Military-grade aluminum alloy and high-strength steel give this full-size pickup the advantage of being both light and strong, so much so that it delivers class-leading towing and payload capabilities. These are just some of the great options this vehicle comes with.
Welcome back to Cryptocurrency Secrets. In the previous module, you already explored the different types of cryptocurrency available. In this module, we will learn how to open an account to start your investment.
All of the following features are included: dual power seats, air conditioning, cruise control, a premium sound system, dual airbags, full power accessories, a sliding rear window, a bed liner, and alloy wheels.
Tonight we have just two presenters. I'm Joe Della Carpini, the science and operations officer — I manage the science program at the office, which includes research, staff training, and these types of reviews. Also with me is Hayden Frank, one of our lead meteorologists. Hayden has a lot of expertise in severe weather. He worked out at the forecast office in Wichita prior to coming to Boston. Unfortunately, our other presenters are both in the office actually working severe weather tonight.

- - -

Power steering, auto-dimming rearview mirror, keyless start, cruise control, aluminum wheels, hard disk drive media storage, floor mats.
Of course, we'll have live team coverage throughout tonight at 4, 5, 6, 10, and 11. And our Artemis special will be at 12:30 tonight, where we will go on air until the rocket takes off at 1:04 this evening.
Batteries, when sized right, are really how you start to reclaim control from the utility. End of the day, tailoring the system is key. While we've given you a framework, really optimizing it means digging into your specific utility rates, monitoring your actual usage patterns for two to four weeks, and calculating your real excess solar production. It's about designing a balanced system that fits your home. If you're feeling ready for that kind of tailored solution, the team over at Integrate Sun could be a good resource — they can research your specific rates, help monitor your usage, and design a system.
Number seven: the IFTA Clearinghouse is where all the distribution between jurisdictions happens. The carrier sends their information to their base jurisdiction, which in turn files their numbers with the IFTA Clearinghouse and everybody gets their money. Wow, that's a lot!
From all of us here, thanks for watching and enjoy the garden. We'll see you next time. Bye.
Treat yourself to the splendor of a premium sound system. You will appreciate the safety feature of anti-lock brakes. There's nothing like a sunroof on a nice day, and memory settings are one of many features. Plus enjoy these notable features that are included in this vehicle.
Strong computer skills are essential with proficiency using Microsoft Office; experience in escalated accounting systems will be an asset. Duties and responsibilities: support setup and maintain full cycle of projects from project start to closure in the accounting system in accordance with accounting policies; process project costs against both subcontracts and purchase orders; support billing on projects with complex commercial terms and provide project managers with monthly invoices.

- - -

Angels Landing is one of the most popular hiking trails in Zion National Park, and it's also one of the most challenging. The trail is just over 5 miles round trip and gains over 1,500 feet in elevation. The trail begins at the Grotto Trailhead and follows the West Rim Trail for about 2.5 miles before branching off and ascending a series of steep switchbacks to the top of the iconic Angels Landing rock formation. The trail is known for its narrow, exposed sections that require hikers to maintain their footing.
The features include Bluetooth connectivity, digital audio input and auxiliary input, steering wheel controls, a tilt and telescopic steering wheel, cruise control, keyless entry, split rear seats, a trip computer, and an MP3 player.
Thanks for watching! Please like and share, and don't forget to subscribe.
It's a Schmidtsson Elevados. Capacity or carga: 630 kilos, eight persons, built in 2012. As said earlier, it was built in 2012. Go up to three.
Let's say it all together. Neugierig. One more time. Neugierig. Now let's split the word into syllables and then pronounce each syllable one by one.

- - -

A word-for-word copy of the lines above from the one with "All of the following" through the one with "Tonight we have", inclusive, is the only output wanted.

--- TASK OUTPUT ---
All of the following features are included: dual power seats, air conditioning, cruise control, a premium sound system, dual airbags, full power accessories, a sliding rear window, a bed liner, and alloy wheels.
Tonight we have just two presenters. I'm Joe Della Carpini, the science and operations officer — I manage the science program at the office, which includes research, staff training, and these types of reviews. Also with me is Hayden Frank, one of our lead meteorologists. Hayden has a lot of expertise in severe weather. He worked out at the forecast office in Wichita prior to coming to Boston. Unfortunately, our other presenters are both in the office actually working severe weather tonight.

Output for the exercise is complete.